ACTION ITEM:
Begin your transcription at the line containing "Self Design Shirt Collar Tunic-AHTUGRGL-8174" and continue it, word for word, to the final line below. Include only those lines and skip the pictures.

PROVIDED DATA:

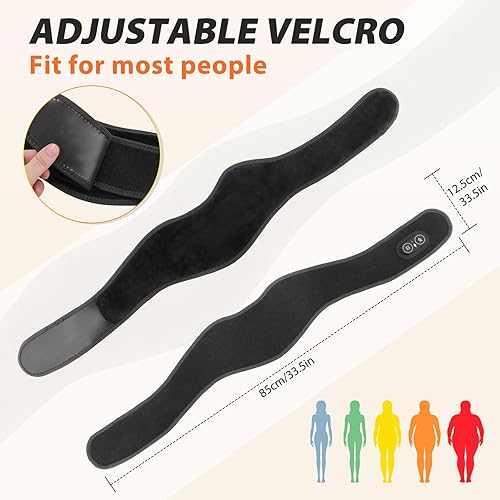 Miniatura 7 de Almohadilla térmica de cuello para dolor de cuello, masajeador de cuello con calor, envoltura térmica inalámbrica con calor de luz roja de 660 nm y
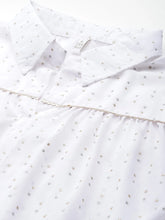 Self Design Shirt Collar Tunic-AHTUGRGL-8174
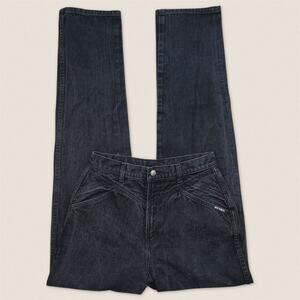 Vintage Western Rockies Rocky Mountain Black Yoke‎ Jeans 13/14 - Size 28 x 35.5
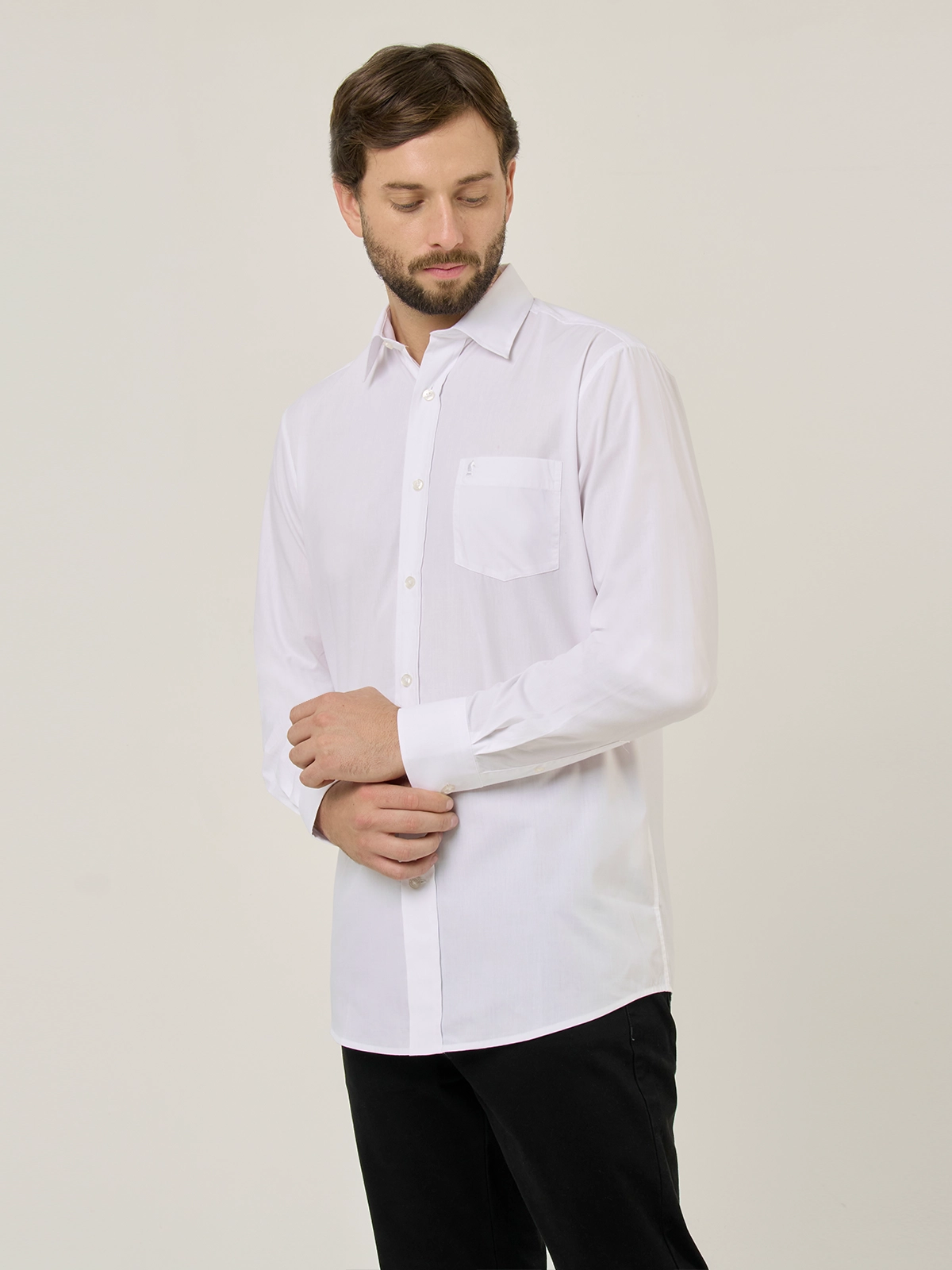 CAMISA MANGA LARGA ALGODÓN HOMBRE KENNETH STEVENS - 3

TASK OUTPUT:
 Self Design Shirt Collar Tunic-AHTUGRGL-8174
 Vintage Western Rockies Rocky Mountain Black Yoke‎ Jeans 13/14 - Size 28 x 35.5
 CAMISA MANGA LARGA ALGODÓN HOMBRE KENNETH STEVENS - 3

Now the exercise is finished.